Inside, Pisticci is all charm and warmth. Orange-and-black paper chains were up for Halloween and one of the walls had a library façade à la my high school’s production of Beauty and the Beast. There was a lot of space in the restaurant’s multiple rooms and the general atmosphere was family-restaurant-meets-Italian-getaway. We were actually there for dinner, and as Pisticci doesn’t take reservations, there was a little bit of a wait. Although we were offered an alternative seat at the bar, we declined for a corner table near the windows.

The cold tap water was served from mason jars into elegant glasses, and the menus had giant sunflowers on them. The waitress ran off some specials and I told her about my food allergies. When I asked if there were any dishes that were easy to prepare without dairy—Italian food is always tricky—she said to let her know which dish I thought I would like, and she would ask the chef directly.

Pisticci prides itself on authentic Italian food, and many dishes were listed in their original Italian. The options were not overwhelming, but there was a wide range of antipasti, pasta dishes, and main entrées. According to their website, all the food is made fresh and from scratch, which explains the mysterious Italian-food-aromas wafting around. I asked if the maltagliati could be done without the ricotta, and she assured me it could!

Olive oil and bread came out, but I’m sorry to report that I was not able to get an ingredient check on the bread. The couple next to us was skeptical about the bread containing dairy, but as I told them, you can never be sure with severe allergies. The pasta, however, was great!

Maltagliati, according to the Internet, is a type of pasta made from leftover scraps of making actual pasta. This particular version looked like scraps of lasagna pieces that didn’t quite make the cut (haha, cut). The sauce was tomato-based with wilted spinach and shredded lamb, and was slightly spicy with a great texture. The portions were well suited for a nice meal out, but not enough for leftovers or a very hungry bear. However, such an appetite could be satisfied if you decide to add in some appetizers or some dessert.

Unlike most restaurants in Morningside Heights, the crowd consisted of less Columbia students and more neighborhood families.
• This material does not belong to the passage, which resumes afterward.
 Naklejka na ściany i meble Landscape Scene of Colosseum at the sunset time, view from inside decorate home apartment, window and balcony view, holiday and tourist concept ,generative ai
Students were still there in their Halloweekend costumes, but parents came with children for family dinners and professorial types seemed to be enjoying an evening off. All in all, the atmosphere was very relaxed and comfortable.

Pisticci was a great first restaurant for the Brunch with Bear team and they were very accommodating without incident. I would be interested in going back to check out some of the other dinner dishes, the sorbet options, and the brunch menu!